Currently our apps render a lot of  simple drop shadows.

Our approach is very basic:
1.  Render a silhouette of the image in grayscale
2.  Apply a gaussian blur (via a ConvolveOp)
3.  Render this underneath the original image at a certain offset

(This is basically applied from Vincent Hardy's "Java2D Graphics" book.)

The catch is that the ConvolveOp takes a long time for large images.  This makes sense to you and me: a 800x600 image, with a blur matrix of 6x6, comes to about 17.2 million calculations.   But our users aren't impressed with this explanation.  Smiley  So my questions are:
1.  Is there a pure Java approach to a faster shadow?  It doesn't have to be a kosher Gaussian blur... anything that allows varying degrees of blurring the edges is fine.

2.  Is there another road we should look down?  JOGL, JNI, etc?
Offline 2playgames

Junior Member





« Reply #1 - Posted 2007-07-31 00:44:16 »
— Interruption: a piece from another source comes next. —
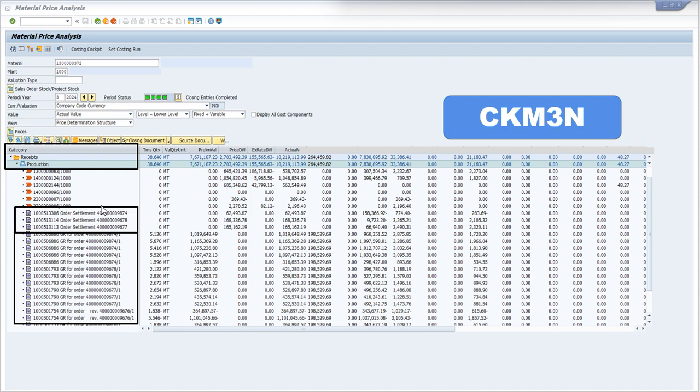Now as you can see, this material I have received against this order. GR for order means these are the orders against which I have received this material and these are the standard costs. And these costs can be compared with the KKBC_ORD by using the production order number.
determine the direction of the shadow, start at the opposite edge of the image and loop towards that direction. when you reach the end of the image (a.k.a. encounter a transparent pixel) start to draw black pixels, and fade it out after some more loops

Offline keldon85

Senior Member


Medals: 1



« Reply #2 - Posted 2007-07-31 01:39:20 »

Hmmm, run JPhotoBrush and perform the gausian blur/ smooth! Maybe you're doing something wrong!

Maybe (a) 3x3 smooth, (b) reduce pixels to 50%, (c) 3x3 smooth reduced image and display that! Are you doing something odd, like creating lots of new buffers each time!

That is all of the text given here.